As it stands, those who tender for government contracts are required to disclose conflicts of interests, but that’s where it ends. And even that flimsy requirement is often not complied with or enforced, Levin told the briefing.
To put some numbers on the government largesse spent on the private interests of civil servants, Business Day reported that the PSC found 17% of senior managers in the Department of Public Works have outside interests and an astonishing 90% do in the Eastern Cape Education Department. Of course, correlation is not causation, but the Eastern Cape’s dismal educational performance may not be entirely coincidental.
Perhaps the state can take a leaf from the private sector. Government tenders should include a simple clause, much like competitions in the private sector do. I’ll quote one verbatim: “3. The competition is not open to – 3.1 directors, members, partners, agents, employees or consultants of (the company) or any supplier of goods or services in connection with a competition; and 3.2 the spouse, life partner, business partner or associate, or the natural or adopted parent, child, or sibling, of any of the persons specified in 3.1 above.”
This is not a complicated rule, and its inherent justice is clearly understood by everyone (except the occasional employee or family member).

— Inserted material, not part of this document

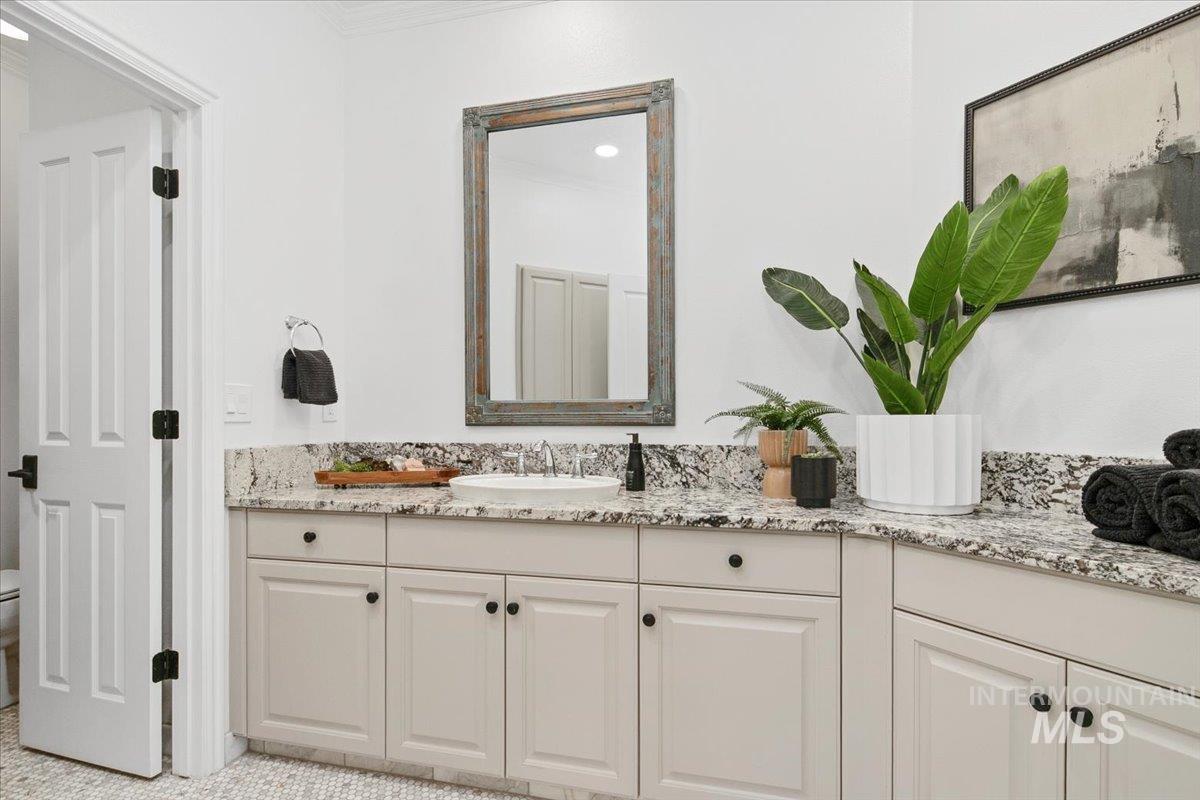 2130 S Crosscreek Lane, Boise, Idaho 83706, 3 Bedrooms, 2.5 Bathrooms, Residential For Sale, Price $1,486,000,MLS 98971780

Violations ought to be policed, both by routine auditing that will pick up the most obvious graft, and by investigating complaints about cases that are harder to spot, such as tenders that are awarded to siblings and business associates of someone involved in its issue or adjudication.
I can think of three clear reasons for prohibiting civil servants from doing business with the state. First, it gives them a motive to suspend their professional judgment to act in the best interest of the citizens they are appointed to serve, by preferring their own or their relative’s firm over a better competitor. Second, it creates the impression among losing bidders for a government tender that they lost out to favouritism or nepotism. And third, it creates the perception among the wider public that government expenditure is merely a corrupt affair to provide lucrative jobs for buddies, rather than a good-faith attempt at service delivery.
All three harm the development of the country, both economically and socially. The third is especially dangerous, and it is rich for politicians to stand up and castigate the private sector for income inequality when they themselves skim thick layers of cream off the public fiscus.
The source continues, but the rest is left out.